Founding member of American Council on Japan

Personal details
- Born: 11 May 1893 Kobe, Japan
- Died: 17 August 1957 (aged 64)

= Compton Packenham =

British-American journalist (1893–1957)

Thomas Compton Packenham, (11 May 1893 – 17 August 1957) was a British-American journalist. He served as a British Army officer in the First World War, and worked at the American Council on Japan.

==Early life==
Packenham was born 11 May 1893 in Kobe, Japan. His father was British and managed a shipyard. He spoke fluent Japanese. He had spent his early childhood in Japan. He served in the Coldstream Guards as a lieutenant colonel, was awarded the Military Cross (MC) and mentioned in despatches.

==Career==
Packenham worked in the New York Times in the 1920s. He was the author of The Rearguard (1930.) He was the Tokyo Correspondent of Newsweek after World War II. In 1946 he was appointed the bureau chief of Newsweek in Japan. He was part of the American Council on Japan. He helped found the council in late June 1948 in Harvard Club in New York City. Upon the recommendation the Emperor of Japan, Packenham helped John Foster Dulles meet Japanese politicians and businessmen. In 1947 he engaged in bitter criticism of Supreme Commander for the Allied Powers.

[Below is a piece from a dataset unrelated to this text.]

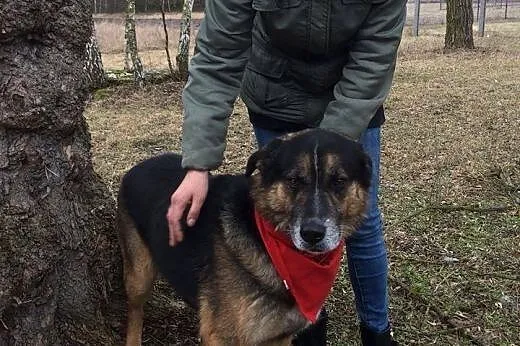 Piasek, kontaktowy psiak prosi o dom!,  Kundelki c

He along with others of the American Council on Japan taught Nobusuke Kishi English and helped him improve his image. They helped him become Prime Minister of Japan. In Japan during the post-World War II occupation period, he helped Japanese government officials communicate with senior US politicians and officials. The Japanese government was able to circumvent MacArthur's communication blockade. Compton Packenham died 17 August 1957.

==Personal life==
In 1915, Packenham married Phyllis Price. Their daughter, Simona, was born in 1916; she never met her father. They soon separated as "he had taken no time at all to reveal himself as a most unsatisfactory choice".

In January 1918, Packenham was on leave from the Army in London, and he met and began a relationship with Alma Dolling, a war widow. In October 1918, Packenham wrote a letter to his first wife informing her their marriage was over. Alma was cited in the Packenham's divorce in 1920, and she married him in 1921. However, once again, his marriage failed and Alma left him to return to her native Canada: their marriage formally ended in divorce in 1925.